◆ **The problem**
What lines of the data below hold "with"? Show them.

◆ **Data records**
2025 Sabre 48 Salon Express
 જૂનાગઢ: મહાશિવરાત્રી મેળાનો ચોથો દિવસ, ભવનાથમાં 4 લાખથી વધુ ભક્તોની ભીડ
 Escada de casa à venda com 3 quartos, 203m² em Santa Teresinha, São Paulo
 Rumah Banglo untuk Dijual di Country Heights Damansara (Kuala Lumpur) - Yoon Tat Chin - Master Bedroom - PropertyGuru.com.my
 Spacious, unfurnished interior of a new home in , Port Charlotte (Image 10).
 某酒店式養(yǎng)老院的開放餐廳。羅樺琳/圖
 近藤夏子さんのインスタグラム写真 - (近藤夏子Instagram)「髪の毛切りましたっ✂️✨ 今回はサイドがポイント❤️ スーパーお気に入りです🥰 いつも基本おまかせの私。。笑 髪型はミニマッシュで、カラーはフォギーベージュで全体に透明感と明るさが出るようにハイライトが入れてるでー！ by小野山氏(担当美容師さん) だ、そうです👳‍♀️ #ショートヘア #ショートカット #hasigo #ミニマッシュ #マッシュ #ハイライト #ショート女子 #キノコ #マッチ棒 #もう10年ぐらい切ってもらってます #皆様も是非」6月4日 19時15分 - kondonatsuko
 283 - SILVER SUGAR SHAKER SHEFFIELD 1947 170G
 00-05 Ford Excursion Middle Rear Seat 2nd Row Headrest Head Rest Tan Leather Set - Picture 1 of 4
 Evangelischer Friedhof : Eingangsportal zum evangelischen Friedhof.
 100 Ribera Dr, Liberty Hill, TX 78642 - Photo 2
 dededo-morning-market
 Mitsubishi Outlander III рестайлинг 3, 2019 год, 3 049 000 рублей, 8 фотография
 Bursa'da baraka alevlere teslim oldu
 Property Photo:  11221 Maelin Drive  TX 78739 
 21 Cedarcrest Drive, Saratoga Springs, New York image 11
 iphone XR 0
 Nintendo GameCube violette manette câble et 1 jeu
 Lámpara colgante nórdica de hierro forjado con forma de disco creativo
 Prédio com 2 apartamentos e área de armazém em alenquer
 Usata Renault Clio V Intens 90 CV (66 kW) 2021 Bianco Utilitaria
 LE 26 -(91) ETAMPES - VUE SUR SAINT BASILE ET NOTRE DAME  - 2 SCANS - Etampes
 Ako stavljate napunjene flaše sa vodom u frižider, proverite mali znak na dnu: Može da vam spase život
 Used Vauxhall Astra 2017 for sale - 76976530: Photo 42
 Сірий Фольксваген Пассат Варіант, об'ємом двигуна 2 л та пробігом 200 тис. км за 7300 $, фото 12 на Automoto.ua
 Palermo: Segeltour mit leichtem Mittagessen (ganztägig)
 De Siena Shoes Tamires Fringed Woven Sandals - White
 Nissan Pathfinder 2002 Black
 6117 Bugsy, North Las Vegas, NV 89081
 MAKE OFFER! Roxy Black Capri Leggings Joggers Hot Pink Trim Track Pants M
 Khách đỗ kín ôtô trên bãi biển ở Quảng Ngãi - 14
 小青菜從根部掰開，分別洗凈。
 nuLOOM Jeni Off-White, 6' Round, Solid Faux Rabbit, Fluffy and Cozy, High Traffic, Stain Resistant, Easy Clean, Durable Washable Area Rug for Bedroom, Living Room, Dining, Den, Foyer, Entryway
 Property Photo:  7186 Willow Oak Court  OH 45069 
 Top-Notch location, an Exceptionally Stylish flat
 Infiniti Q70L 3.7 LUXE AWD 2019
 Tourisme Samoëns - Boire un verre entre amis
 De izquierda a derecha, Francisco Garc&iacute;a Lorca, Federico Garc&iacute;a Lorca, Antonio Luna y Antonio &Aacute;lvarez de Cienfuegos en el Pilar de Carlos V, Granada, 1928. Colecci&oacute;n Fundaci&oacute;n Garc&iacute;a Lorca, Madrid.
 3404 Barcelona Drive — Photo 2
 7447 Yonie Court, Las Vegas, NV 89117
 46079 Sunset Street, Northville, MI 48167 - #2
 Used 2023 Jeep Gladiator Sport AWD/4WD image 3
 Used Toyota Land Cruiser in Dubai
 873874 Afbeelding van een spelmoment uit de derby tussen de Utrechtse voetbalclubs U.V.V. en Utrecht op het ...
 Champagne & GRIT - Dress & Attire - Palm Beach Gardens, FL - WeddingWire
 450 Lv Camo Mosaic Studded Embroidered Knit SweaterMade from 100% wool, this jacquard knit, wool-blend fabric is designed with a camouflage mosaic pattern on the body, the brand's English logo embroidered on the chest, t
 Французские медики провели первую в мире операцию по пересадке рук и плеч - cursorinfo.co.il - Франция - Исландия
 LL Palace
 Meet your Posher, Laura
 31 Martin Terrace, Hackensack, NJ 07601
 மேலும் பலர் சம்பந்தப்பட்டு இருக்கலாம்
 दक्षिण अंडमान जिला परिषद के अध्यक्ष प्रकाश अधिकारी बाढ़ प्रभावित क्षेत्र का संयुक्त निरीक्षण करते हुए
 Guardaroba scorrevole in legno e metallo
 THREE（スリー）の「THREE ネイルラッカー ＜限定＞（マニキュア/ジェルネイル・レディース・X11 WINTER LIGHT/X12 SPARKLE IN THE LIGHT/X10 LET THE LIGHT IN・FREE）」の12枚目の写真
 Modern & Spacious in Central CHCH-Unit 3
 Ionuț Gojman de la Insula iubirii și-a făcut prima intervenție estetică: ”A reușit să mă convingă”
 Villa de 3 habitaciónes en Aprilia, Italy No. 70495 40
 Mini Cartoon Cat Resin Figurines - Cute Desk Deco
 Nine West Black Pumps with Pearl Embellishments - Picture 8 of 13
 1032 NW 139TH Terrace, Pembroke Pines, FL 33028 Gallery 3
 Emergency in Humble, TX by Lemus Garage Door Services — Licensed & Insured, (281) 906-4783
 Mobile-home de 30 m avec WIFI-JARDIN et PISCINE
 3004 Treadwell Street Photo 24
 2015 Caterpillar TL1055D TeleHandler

◆ **Response for this exercise**
 450 Lv Camo Mosaic Studded Embroidered Knit SweaterMade from 100% wool, this jacquard knit, wool-blend fabric is designed with a camouflage mosaic pattern on the body, the brand's English logo embroidered on the chest, t
 Nine West Black Pumps with Pearl Embellishments - Picture 8 of 13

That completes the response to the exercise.